_Problem to work on_
Exactly the lines below from the one with "186 DEGRAAF CRESCENT Image 34" up to and including the one with "cam girl porn eatmypie69 image #1364961" make up the answer, with nothing else added.
*** Data section ***
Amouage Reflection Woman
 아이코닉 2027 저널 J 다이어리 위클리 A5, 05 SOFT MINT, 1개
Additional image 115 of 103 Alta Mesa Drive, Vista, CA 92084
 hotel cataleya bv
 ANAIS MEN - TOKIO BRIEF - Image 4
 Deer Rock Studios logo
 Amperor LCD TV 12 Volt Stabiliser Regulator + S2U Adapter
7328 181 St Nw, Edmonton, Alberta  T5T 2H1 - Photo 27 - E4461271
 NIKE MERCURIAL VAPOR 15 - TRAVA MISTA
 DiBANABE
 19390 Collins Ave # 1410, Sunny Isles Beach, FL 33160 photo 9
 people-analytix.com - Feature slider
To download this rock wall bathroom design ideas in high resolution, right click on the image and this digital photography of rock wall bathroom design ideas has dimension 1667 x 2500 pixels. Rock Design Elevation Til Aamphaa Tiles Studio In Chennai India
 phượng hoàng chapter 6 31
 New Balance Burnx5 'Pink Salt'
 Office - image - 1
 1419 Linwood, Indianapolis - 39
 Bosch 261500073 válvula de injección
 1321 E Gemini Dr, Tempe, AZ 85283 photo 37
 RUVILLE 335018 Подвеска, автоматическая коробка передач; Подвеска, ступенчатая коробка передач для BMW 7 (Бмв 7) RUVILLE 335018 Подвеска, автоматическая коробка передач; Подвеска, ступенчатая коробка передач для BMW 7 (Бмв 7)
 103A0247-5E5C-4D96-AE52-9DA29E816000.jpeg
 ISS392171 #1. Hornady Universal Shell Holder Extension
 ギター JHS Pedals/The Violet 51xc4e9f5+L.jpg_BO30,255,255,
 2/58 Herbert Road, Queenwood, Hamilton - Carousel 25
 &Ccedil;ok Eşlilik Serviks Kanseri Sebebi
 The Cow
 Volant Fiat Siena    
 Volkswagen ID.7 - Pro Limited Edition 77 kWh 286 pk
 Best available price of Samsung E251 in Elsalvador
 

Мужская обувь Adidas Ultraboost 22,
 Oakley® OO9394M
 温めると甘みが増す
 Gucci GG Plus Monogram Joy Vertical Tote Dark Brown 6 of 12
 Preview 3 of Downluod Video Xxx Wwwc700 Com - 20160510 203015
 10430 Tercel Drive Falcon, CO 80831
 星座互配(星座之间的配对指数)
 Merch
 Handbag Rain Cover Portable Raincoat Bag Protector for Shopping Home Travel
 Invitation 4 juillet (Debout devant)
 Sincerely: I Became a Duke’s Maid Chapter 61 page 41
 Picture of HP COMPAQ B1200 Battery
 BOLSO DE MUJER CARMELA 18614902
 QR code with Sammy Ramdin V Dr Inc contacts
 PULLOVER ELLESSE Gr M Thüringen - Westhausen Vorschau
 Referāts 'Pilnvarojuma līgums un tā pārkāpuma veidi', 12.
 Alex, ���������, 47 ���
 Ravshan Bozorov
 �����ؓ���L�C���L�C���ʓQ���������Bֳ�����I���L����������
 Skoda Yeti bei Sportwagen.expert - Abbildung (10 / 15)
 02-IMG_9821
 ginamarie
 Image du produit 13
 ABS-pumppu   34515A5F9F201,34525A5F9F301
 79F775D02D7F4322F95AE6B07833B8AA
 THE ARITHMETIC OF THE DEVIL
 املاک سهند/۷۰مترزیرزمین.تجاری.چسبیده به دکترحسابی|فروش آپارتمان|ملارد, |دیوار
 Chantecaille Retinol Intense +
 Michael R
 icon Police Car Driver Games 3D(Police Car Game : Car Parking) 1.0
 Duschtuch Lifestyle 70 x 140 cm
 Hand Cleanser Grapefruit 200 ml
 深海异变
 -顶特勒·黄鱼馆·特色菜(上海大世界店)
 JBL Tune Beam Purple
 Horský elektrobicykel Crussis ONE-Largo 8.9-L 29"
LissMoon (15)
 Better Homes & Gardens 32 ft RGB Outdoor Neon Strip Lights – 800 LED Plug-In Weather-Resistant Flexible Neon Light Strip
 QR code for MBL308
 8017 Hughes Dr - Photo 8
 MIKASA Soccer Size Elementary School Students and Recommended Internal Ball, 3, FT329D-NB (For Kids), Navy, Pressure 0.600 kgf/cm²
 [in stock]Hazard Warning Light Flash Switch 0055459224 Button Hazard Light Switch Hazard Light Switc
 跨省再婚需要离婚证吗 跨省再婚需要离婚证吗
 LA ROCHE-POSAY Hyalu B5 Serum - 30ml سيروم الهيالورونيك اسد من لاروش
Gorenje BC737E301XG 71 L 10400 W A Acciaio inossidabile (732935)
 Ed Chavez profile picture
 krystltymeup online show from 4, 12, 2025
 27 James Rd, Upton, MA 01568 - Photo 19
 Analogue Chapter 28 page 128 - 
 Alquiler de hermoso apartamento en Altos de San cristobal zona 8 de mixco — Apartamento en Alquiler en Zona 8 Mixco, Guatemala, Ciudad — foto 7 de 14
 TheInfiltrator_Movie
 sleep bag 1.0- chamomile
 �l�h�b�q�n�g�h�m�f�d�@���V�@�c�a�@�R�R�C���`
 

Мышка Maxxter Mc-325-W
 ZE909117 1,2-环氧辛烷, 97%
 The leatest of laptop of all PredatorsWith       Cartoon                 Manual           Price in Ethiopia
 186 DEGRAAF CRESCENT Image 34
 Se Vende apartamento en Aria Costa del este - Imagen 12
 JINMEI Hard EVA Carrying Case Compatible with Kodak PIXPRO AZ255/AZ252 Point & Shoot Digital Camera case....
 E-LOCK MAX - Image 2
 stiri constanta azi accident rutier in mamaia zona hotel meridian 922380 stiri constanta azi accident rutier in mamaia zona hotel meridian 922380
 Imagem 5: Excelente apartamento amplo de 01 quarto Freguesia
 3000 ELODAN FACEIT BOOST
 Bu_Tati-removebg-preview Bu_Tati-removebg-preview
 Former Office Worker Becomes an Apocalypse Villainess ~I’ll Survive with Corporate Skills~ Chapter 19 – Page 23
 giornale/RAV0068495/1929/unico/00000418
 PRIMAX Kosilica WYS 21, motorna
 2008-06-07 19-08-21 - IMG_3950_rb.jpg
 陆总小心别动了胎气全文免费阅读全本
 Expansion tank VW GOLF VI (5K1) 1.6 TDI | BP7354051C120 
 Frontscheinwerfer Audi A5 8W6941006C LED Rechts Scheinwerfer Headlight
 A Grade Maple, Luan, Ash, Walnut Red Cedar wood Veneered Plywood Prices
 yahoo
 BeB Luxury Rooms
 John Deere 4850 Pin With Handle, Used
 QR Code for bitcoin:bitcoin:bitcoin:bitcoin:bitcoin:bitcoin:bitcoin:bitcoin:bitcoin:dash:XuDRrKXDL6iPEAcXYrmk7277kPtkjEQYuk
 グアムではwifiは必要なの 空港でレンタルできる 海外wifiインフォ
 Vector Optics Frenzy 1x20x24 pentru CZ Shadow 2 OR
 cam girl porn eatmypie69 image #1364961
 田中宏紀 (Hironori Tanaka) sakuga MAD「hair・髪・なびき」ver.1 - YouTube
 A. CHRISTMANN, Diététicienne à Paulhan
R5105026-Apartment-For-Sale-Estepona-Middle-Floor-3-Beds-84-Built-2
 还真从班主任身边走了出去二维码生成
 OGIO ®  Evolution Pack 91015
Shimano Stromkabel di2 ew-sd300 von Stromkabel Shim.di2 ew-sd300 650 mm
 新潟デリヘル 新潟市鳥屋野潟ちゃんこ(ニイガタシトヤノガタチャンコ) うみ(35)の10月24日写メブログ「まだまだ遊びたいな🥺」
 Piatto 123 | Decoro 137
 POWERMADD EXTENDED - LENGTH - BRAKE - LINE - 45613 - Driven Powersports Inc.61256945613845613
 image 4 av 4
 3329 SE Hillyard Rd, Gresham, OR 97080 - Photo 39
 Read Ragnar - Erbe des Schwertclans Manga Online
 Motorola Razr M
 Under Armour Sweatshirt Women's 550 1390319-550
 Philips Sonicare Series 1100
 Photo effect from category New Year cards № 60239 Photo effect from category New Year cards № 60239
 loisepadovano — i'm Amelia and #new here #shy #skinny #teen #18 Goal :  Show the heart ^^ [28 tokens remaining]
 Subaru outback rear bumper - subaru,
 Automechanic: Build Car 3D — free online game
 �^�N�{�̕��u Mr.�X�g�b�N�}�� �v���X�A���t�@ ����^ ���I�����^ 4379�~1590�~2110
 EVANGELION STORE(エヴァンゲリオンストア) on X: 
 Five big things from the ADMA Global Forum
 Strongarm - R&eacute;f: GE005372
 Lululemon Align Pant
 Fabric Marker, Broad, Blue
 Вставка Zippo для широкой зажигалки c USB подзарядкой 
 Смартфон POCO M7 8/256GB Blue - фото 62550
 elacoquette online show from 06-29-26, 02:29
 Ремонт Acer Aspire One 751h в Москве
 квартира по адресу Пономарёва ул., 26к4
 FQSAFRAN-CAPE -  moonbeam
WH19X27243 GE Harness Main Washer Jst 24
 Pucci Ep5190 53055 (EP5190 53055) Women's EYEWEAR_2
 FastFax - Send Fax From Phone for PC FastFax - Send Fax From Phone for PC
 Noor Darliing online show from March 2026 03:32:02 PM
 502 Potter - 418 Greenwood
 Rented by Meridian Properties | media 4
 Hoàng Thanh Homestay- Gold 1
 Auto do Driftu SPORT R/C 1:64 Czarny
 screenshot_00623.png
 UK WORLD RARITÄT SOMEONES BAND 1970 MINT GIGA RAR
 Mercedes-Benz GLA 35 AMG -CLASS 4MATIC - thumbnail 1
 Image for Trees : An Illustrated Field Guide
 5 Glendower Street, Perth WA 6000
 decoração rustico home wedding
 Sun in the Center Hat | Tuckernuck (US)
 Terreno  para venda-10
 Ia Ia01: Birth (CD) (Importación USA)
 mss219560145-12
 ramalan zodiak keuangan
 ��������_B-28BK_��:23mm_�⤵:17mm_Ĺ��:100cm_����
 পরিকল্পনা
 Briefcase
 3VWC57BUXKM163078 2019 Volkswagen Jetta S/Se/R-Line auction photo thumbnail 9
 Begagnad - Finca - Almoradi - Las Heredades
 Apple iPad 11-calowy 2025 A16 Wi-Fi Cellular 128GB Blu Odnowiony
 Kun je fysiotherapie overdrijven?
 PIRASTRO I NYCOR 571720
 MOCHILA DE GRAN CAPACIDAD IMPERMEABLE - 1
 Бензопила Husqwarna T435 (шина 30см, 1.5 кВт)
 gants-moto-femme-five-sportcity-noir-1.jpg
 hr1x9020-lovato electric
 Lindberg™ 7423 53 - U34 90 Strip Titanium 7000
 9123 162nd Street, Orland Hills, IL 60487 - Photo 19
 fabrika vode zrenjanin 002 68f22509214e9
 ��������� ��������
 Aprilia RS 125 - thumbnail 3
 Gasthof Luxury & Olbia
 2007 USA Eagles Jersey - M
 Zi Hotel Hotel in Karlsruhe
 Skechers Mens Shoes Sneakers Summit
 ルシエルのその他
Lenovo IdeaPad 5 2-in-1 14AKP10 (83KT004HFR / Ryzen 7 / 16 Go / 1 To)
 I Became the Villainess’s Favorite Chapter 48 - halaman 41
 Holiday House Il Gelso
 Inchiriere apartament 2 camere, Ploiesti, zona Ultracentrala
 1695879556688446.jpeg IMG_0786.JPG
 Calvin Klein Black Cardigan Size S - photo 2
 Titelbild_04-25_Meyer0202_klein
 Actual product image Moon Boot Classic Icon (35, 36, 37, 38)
***
_Answer area_
 186 DEGRAAF CRESCENT Image 34
 Se Vende apartamento en Aria Costa del este - Imagen 12
 JINMEI Hard EVA Carrying Case Compatible with Kodak PIXPRO AZ255/AZ252 Point & Shoot Digital Camera case....
 E-LOCK MAX - Image 2
 stiri constanta azi accident rutier in mamaia zona hotel meridian 922380 stiri constanta azi accident rutier in mamaia zona hotel meridian 922380
 Imagem 5: Excelente apartamento amplo de 01 quarto Freguesia
 3000 ELODAN FACEIT BOOST
 Bu_Tati-removebg-preview Bu_Tati-removebg-preview
 Former Office Worker Becomes an Apocalypse Villainess ~I’ll Survive with Corporate Skills~ Chapter 19 – Page 23
 giornale/RAV0068495/1929/unico/00000418
 PRIMAX Kosilica WYS 21, motorna
 2008-06-07 19-08-21 - IMG_3950_rb.jpg
 陆总小心别动了胎气全文免费阅读全本
 Expansion tank VW GOLF VI (5K1) 1.6 TDI | BP7354051C120 
 Frontscheinwerfer Audi A5 8W6941006C LED Rechts Scheinwerfer Headlight
 A Grade Maple, Luan, Ash, Walnut Red Cedar wood Veneered Plywood Prices
 yahoo
 BeB Luxury Rooms
 John Deere 4850 Pin With Handle, Used
 QR Code for bitcoin:bitcoin:bitcoin:bitcoin:bitcoin:bitcoin:bitcoin:bitcoin:bitcoin:dash:XuDRrKXDL6iPEAcXYrmk7277kPtkjEQYuk
 グアムではwifiは必要なの 空港でレンタルできる 海外wifiインフォ
 Vector Optics Frenzy 1x20x24 pentru CZ Shadow 2 OR
 cam girl porn eatmypie69 image #1364961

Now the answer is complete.